Spencer Aimes (Kutcher) is starting to feel jaded in his calling. On assignment in Nice he meets Jen (Katherine Heigl), a careful suburbanite, and her cosy charm seems exotic to him.
In no time flat he has given up his specialist trade, married Jen and retreated to the safety of the suburbs.
Then, for no particular reason, after three years of domestic bliss Spencer's status seems to have been reactivated and an endless gallery of people are out to kill him.
Just as in Knight and Day the concept of the master spy coming up against the modern woman is supposed to be instantly hilarious. Spies are all stand there, hold this, shot that and once upon a time women were meekly supposed to comply.
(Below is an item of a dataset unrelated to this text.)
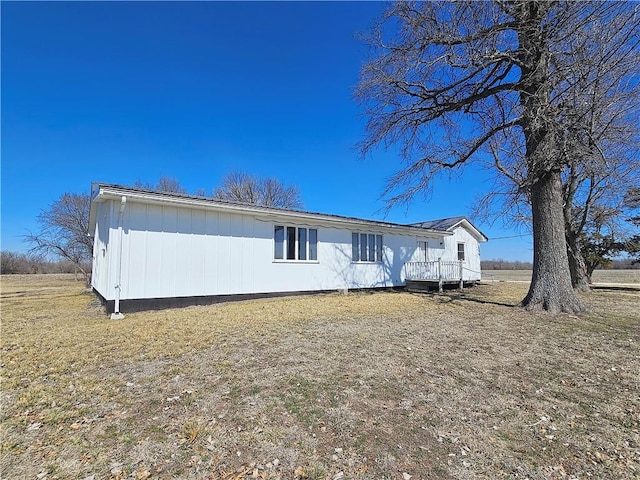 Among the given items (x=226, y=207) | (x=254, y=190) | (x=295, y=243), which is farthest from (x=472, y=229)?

The new woman is more lippy but scarcely more believable.
She shrieks a bit, calls him out for lying to her, then gets in touch with her own inner spy, becoming a full-fledged accomplice.
The actors involved in this piffle do surprisingly well at animating the silliness, but are undone by a script that makes no sense and is just not funny enough for it not to matter.
Best thing: Tom Selleck's moustache makes a welcome return.
Worst thing: Is there a shortage of joke-writers in Hollywood? This desperately needed some.
See it with: An unholy fetish for pretty-boy Kutcher. Otherwise, don't you know there is a film festival on?